The 2nd equation is also quite intuitive. The point of impact's distance from the origin of the projectile is equal to the speed of the projectile multiplied by the time passed:
We'll take a mathematical expression of the point of impact from the 1st equation:
P0 + (t * s0 * V0) <-- point of impact
The point of origin is P1
The distance between these two must be equal to the speed of the projectile multiplied by the time passed (distance = speed * time).
The formula for distance is: (x0 - x1)^2 + (y0 - y1)^2 = distance^2, and so the equation will look like this:
((P0.x + s0 * t * V0.x) - P1.x)^2 + ((P0.y + s0 * t * V0.y) - P1.y)^2 = (s1 * t)^2
(You can easily expand this for 3 dimensions)
Notice that here, you have an equation with only ONE unknown variable: t!. We can discover here what t is, then place it in the previous equation and find the vector V.
Let me solve you some pain by opening up this formula for you (if you really want to, you can do this yourself).
a = (V0.x * V0.x) + (V0.y * V0.y) - (s1 * s1)
b = 2 * ((P0.x * V0.x) + (P0.y * V0.y) - (P1.x * V0.x) - (P1.y * V0.y))

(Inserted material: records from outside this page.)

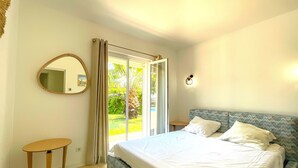 Una camera da letto con un letto, uno specchio rotondo, un tavolino e una porta scorrevole in vetro che dà su un giardino.
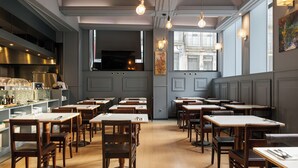 L’intérieur d’un restaurant, avec plusieurs tables et chaises, un espace cuisine et une grande fenêtre donnant sur la rue.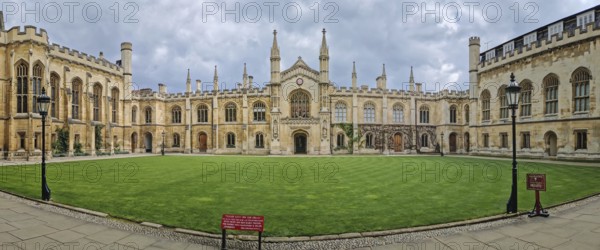 The University of Cambridge panoramic view of a historic college courtyard, featuring a grand,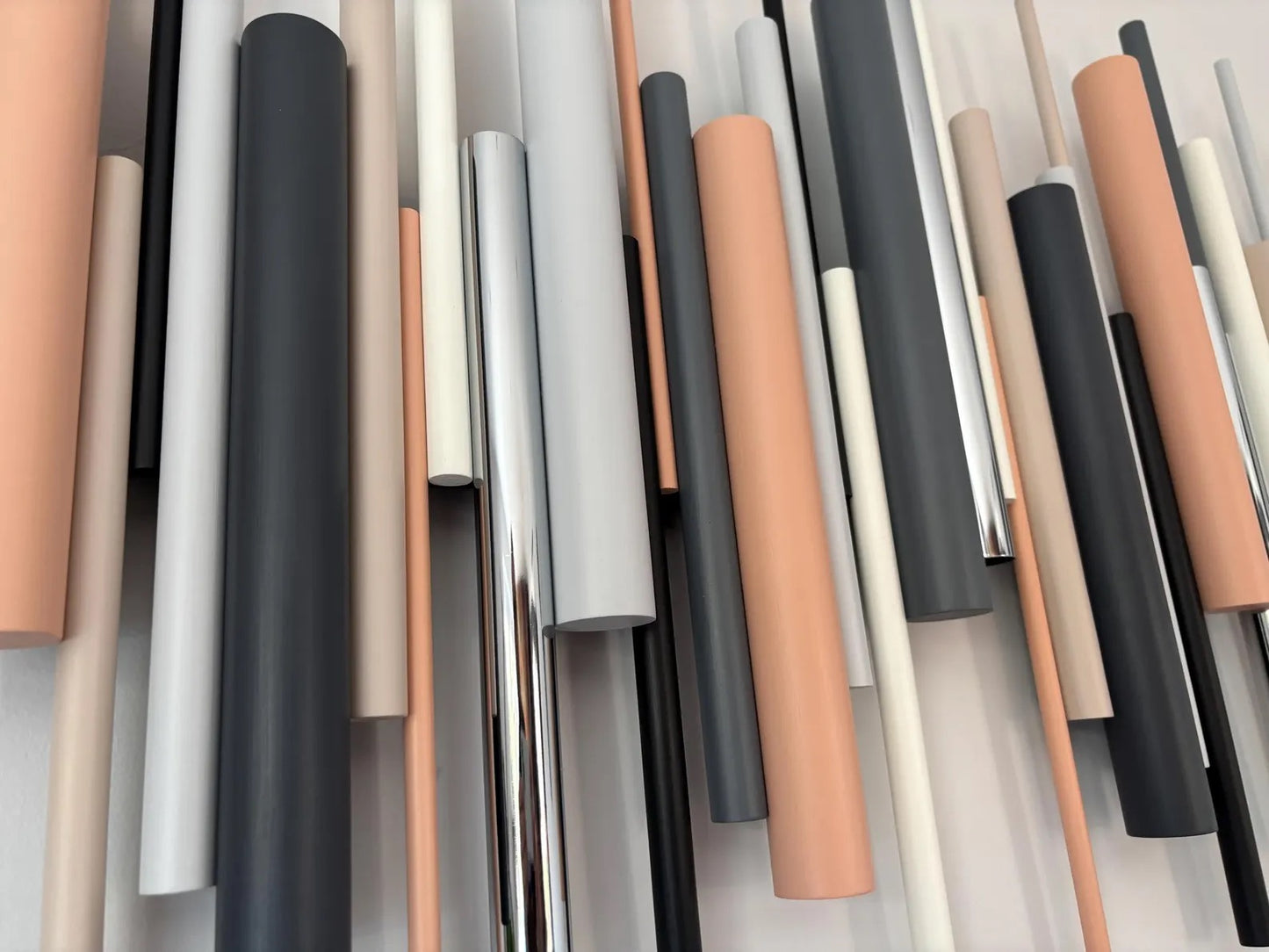 Cinder wall art close up showing layered black and neutral tone wooden dowels – Berties Blocks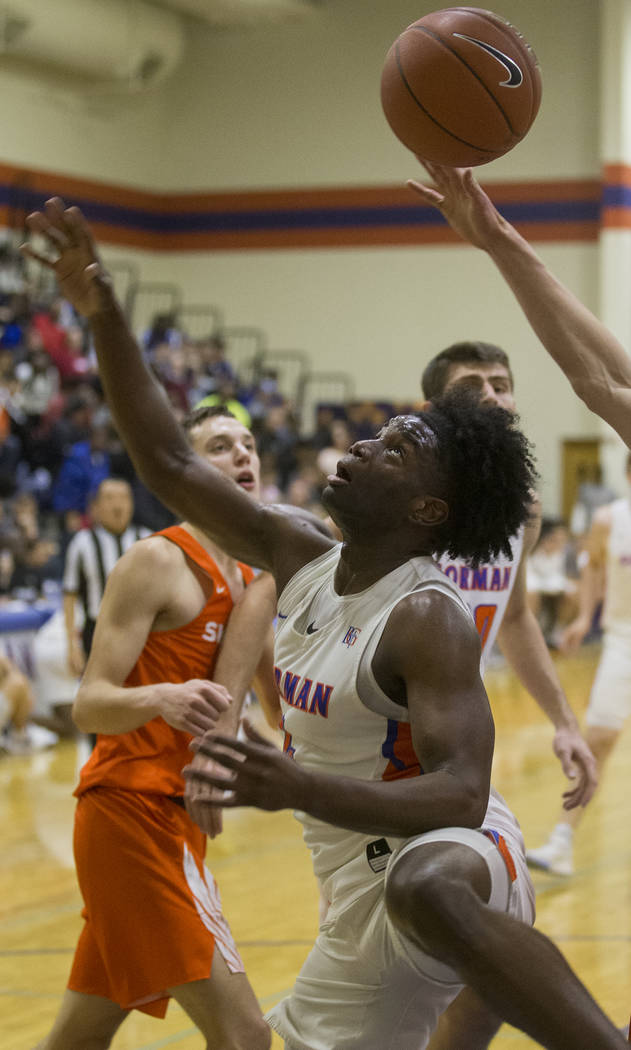 Bishop Gorman junior guard Jonathan Braggs (4) fight for a loose ball in the first half during ...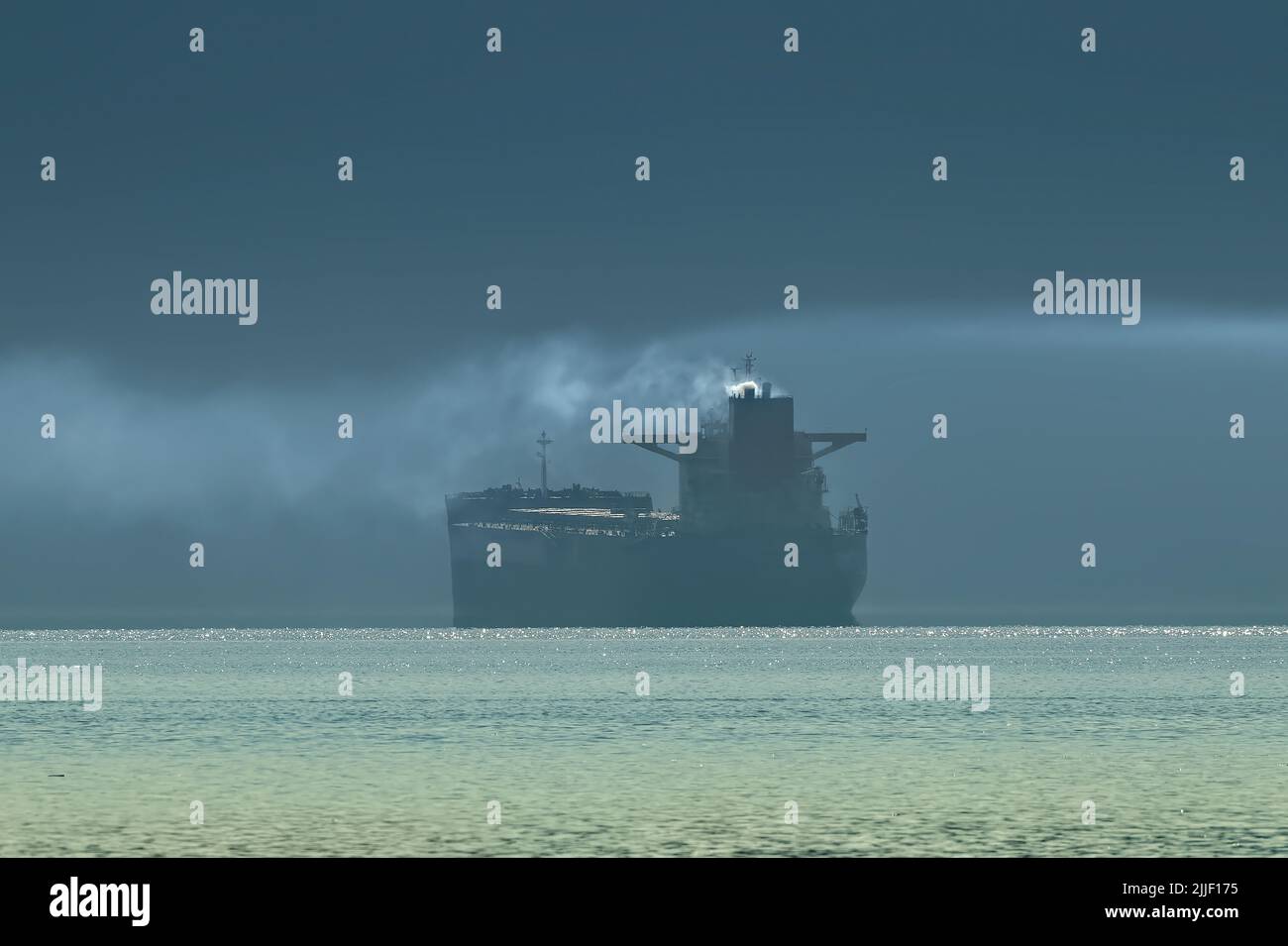 Ein Seeschiff, das Dieselrauch in die Luft vergieße, während es am Hafen von Vancouver auf seine Wende wartet. Stockfoto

c = (P0.x * P0.x) + (P0.y * P0.y) + (P1.x * P1.x) + (P1.y * P1.y) - (2 * P1.x * P0.x) - (2 * P1.y * P0.y)
t1 = (-b + sqrt((b * b) - (4 * a * c))) / (2 * a)
t2 = (-b - sqrt((b * b) - (4 * a * c))) / (2 * a)
Now, notice - we will get 2 values for t here.
One or both may be negative or an invalid number. Obviously, since t denotes time, and time can't be invalid or negative, you'll need to discard these values of t.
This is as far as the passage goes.